- Strmec pri Svetem Florijanu Location in Slovenia
- Coordinates: 46°15′29.76″N 15°41′38.28″E﻿ / ﻿46.2582667°N 15.6939667°E
- Country: Slovenia
- Traditional region: Styria
- Statistical region: Savinja
- Municipality: Rogaška Slatina

Area
- • Total: 4.32 km^{2} (1.67 sq mi)
- Elevation: 270.2 m (886.5 ft)

Population (2002)
- • Total: 171

= Strmec pri Svetem Florijanu =

Strmec pri Svetem Florijanu (/sl/) is a settlement in the Municipality of Rogaška Slatina in eastern Slovenia.
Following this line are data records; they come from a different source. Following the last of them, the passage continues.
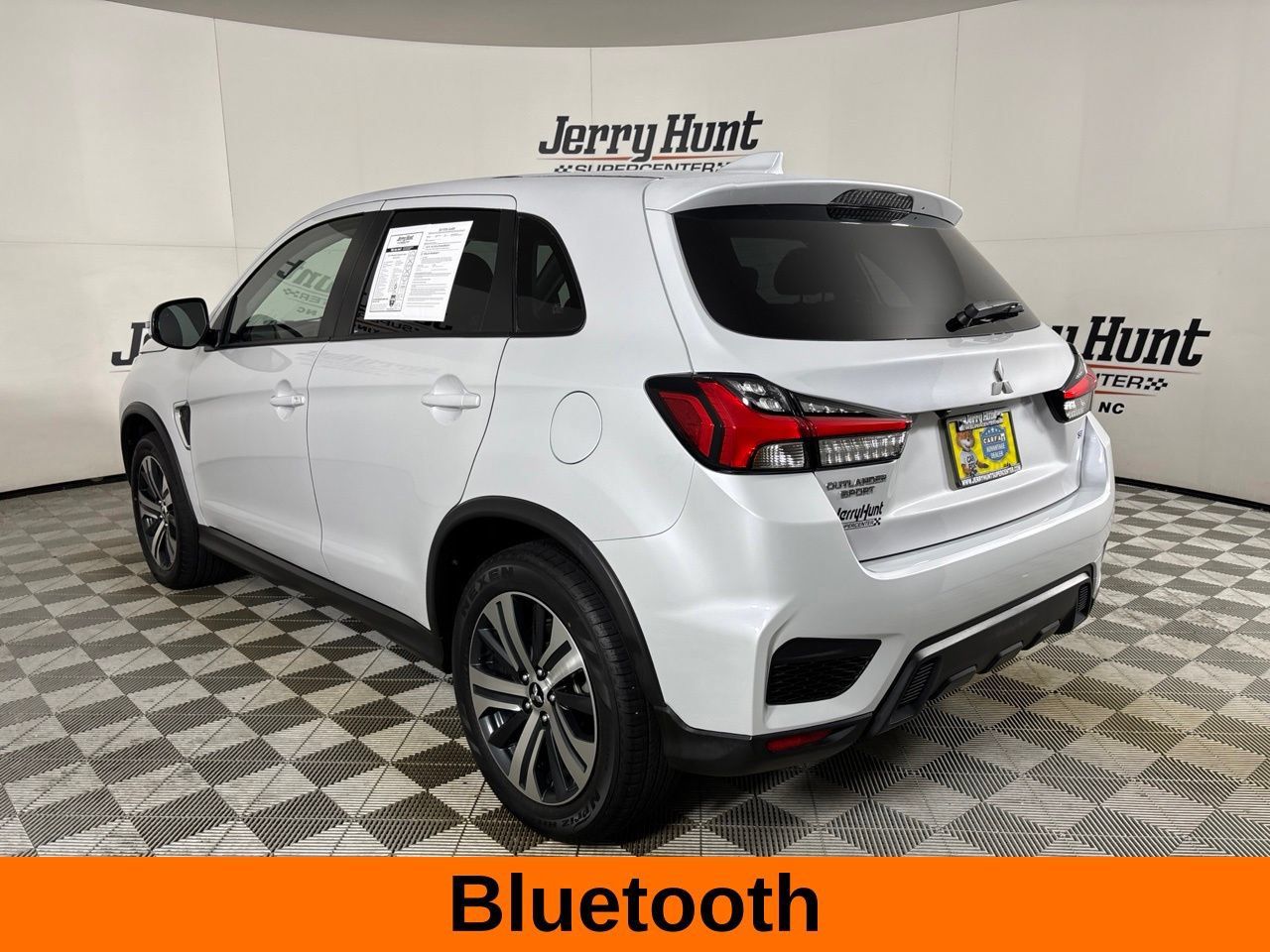 Used 2024 Mitsubishi Outlander Sport SE AWD/4WD image 8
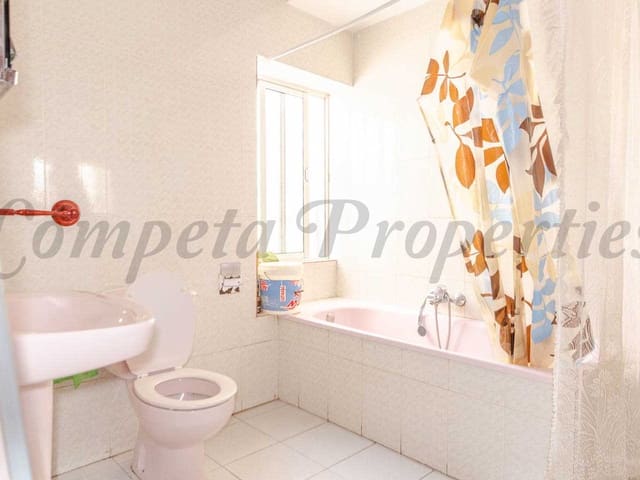 Image No.8-3 Bed Apartment for sale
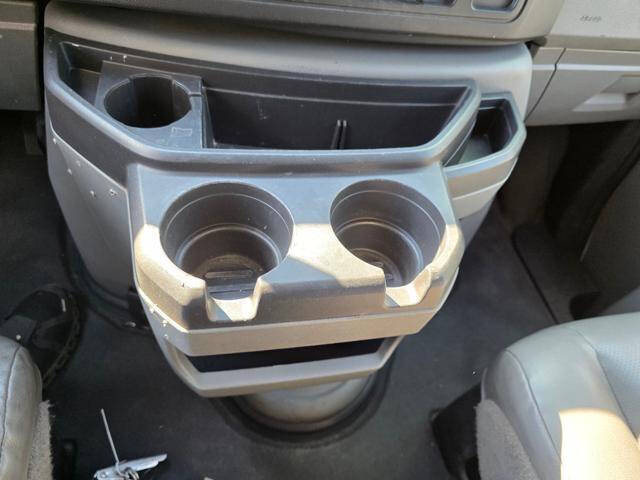 2010 Ford E-Series E-250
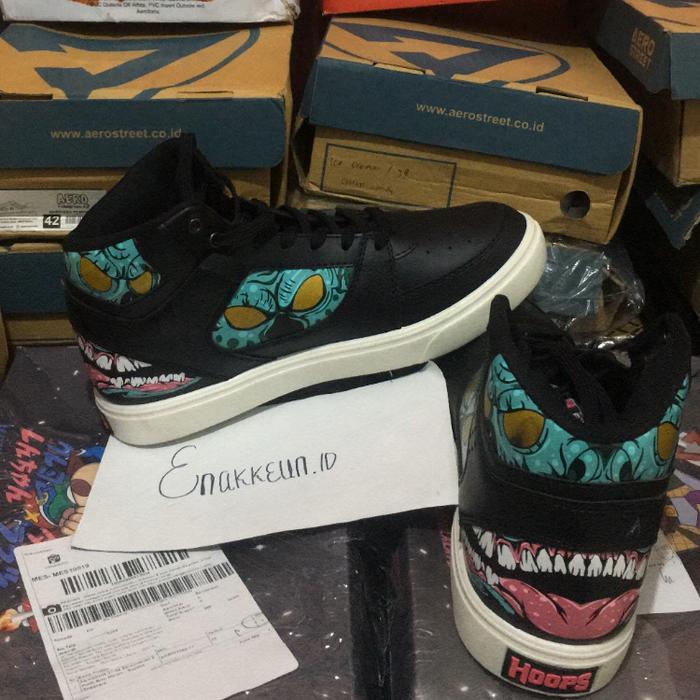SEPATU AEROSTREET X AJIWAL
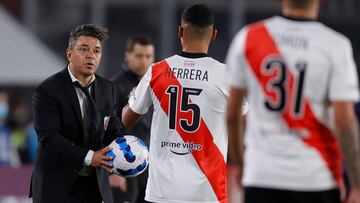 AMDEP9458. BUENOS AIRES (ARGENTINA), 13/04/2022.- El entrenador de River Marcelo Gallardo pasa el balón hoy, en un partido de la Copa Libertadores entre River Plate y Fortaleza en el estadio Monumental en Buenos Aires (Argentina). EFE/Juan Ignacio Roncoroni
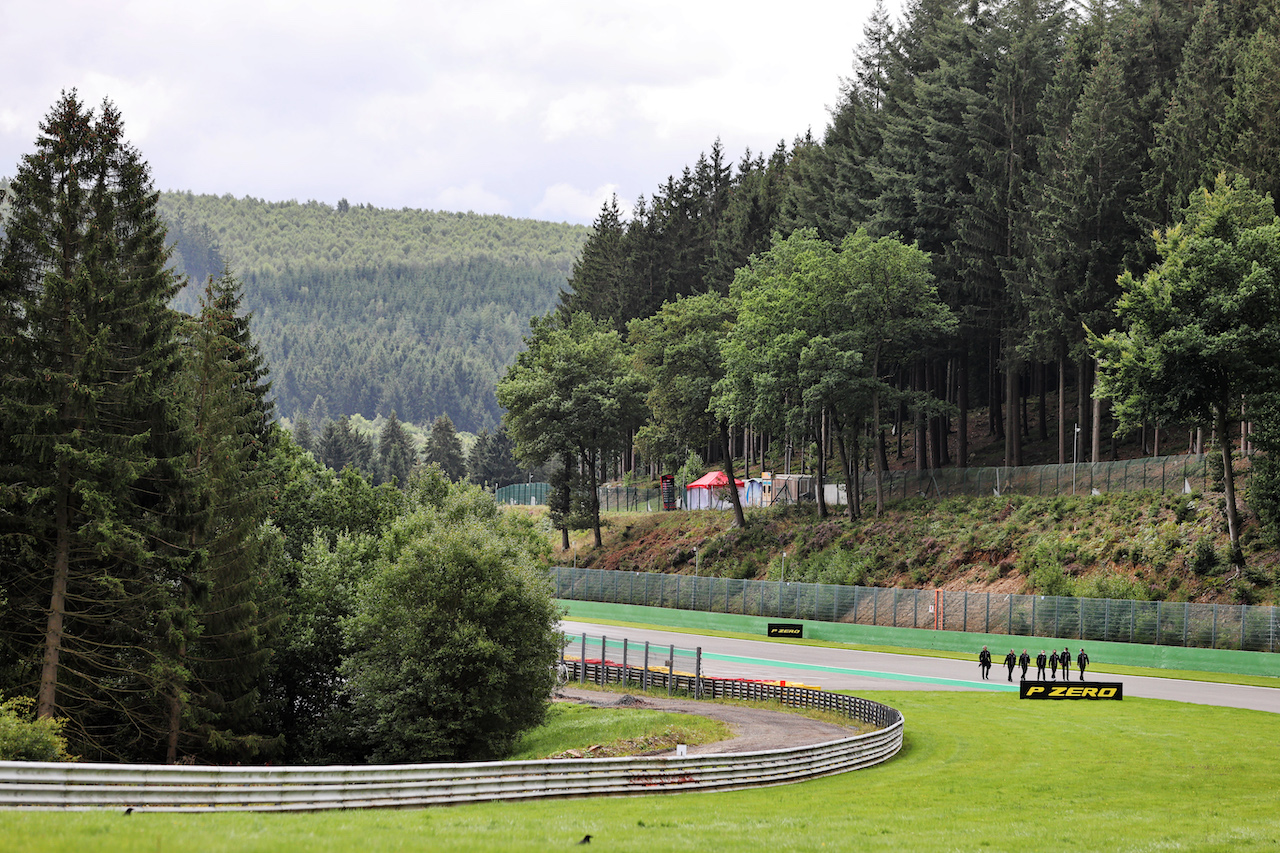 GP BELGIO, Fernando Alonso (ESP) Alpine F1 Team walks the circuit with the team.
26.08.2021. Formula 1 World Championship, Rd 12, Belgian Grand Prix, Spa Francorchamps, Belgium, Preparation Day.
- www.xpbimages.com, EMail: requests@xpbimages.com © Copyright: Moy / XPB Images
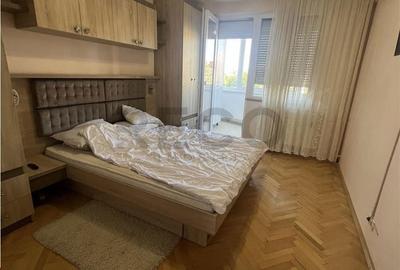 Apartament cu 3 camere semidecomandat în Decebal - 14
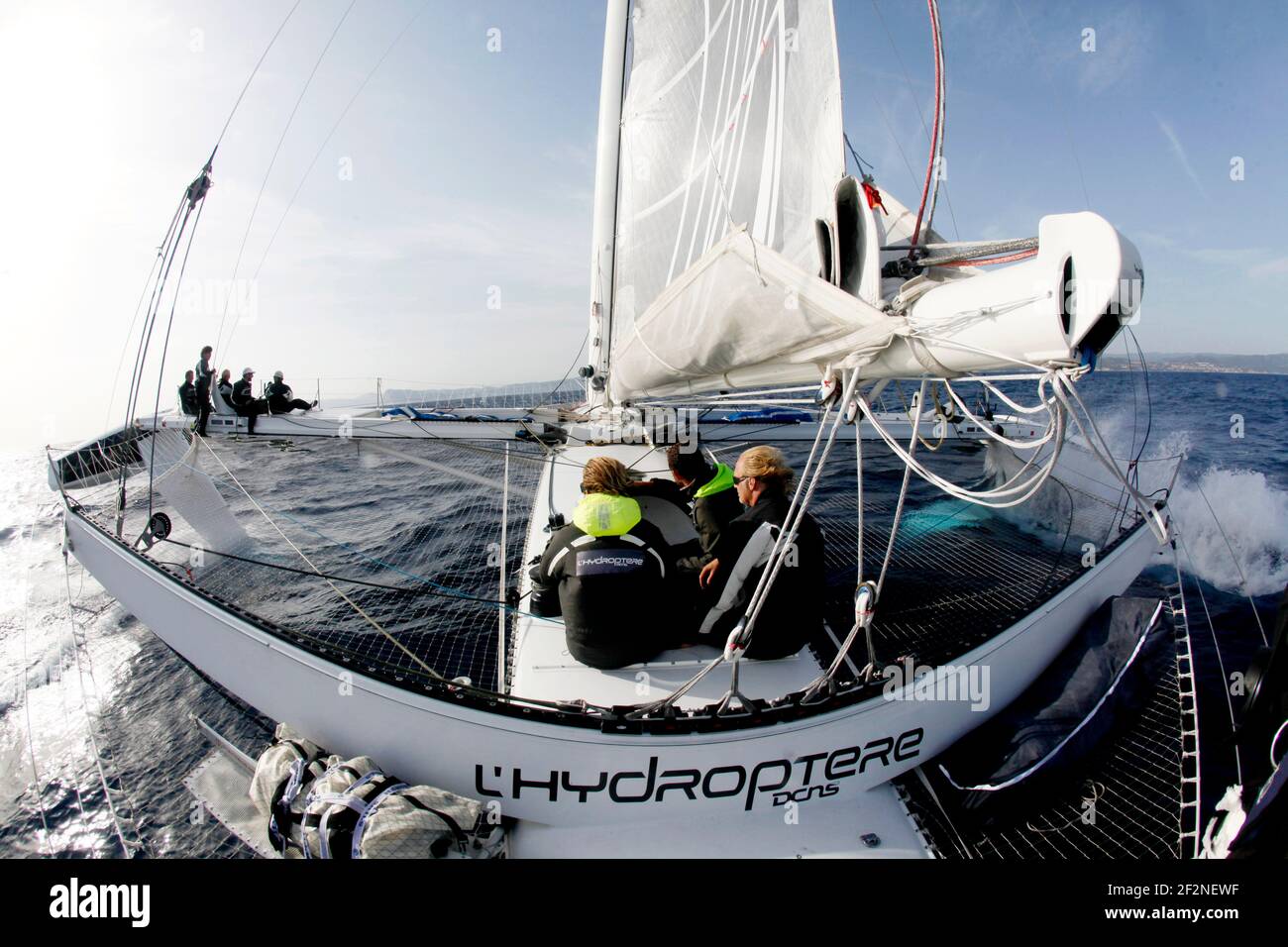 An Bord der L?Hydroptère DCNS Alain Thébault und seine Crew (Yves Parlier, Jean le Cam, Jacques Vincent, Luc Alphand) während der ersten Testreihe auf dem Mittelmeer, bevor sie im nächsten Sommer versuchen, den Grenzrekord zwischen Los Angeles und Honolulu zu schlagen. La Ciotat in den Bouches-du-Rhône, Provence-Alpes-Côte d'Azur, Frankreich. ( HTTP://HYDROPTERE.COM/NEWS/466/98/CORDEE-DE-LEGENDE/ ) FOTO CHRISTOPHE LAUNAY / DPPI Stockfoto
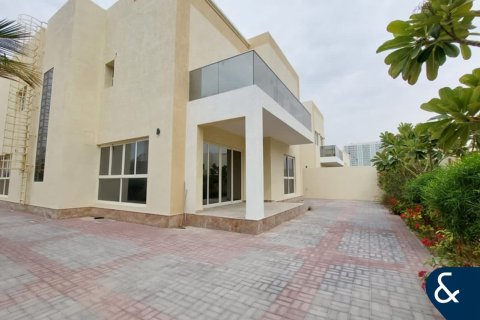 Villa in Al Furjan, Dubai 5 bedrooms, 600 sq.m. № 98721 - photo 10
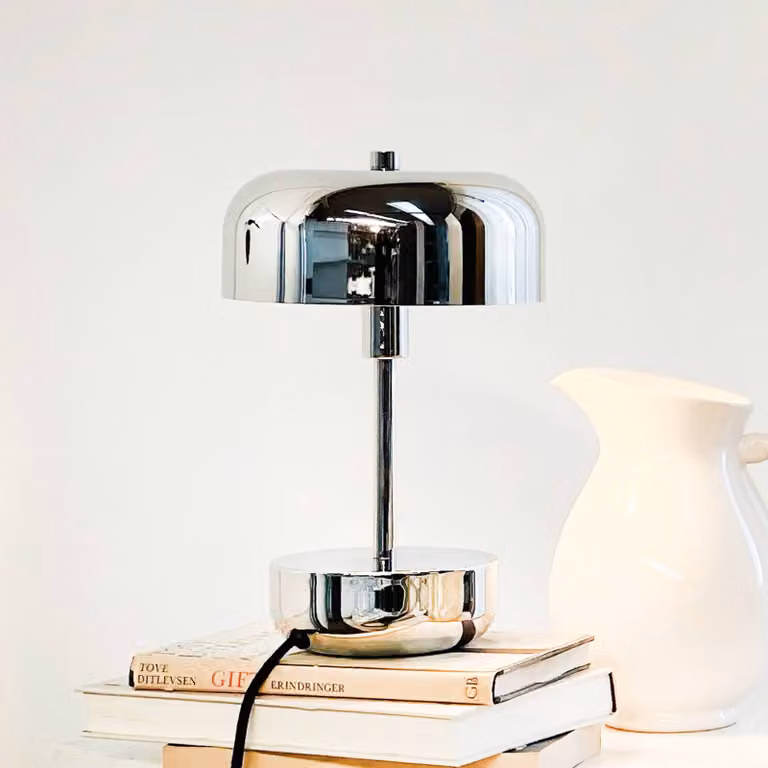 Dyberg Larsen Lampada da tavolo Haipot, Cromo / Argento, Soggiorno / Sala da pranzo, Metallo, Moderno, Lampada da tavolo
The entire area is part of the traditional region of Styria. It is now included in the Savinja Statistical Region.

==Name==
The name of the settlement was changed from Strmec to Strmec pri Rogatcu (literally, 'Strmec near Rogatec') in 1953. The name was changed again to Strmec pri Svetem Florjanu (literally, 'Strmec near Saint Florian') in 1993.

==Church==
The local church, built on Ložno Hill north of the main settlement, is dedicated to the Virgin of Loreto and belongs to the Parish of Sveti Florijan ob Boču. It was first mentioned in written documents dating to 1765.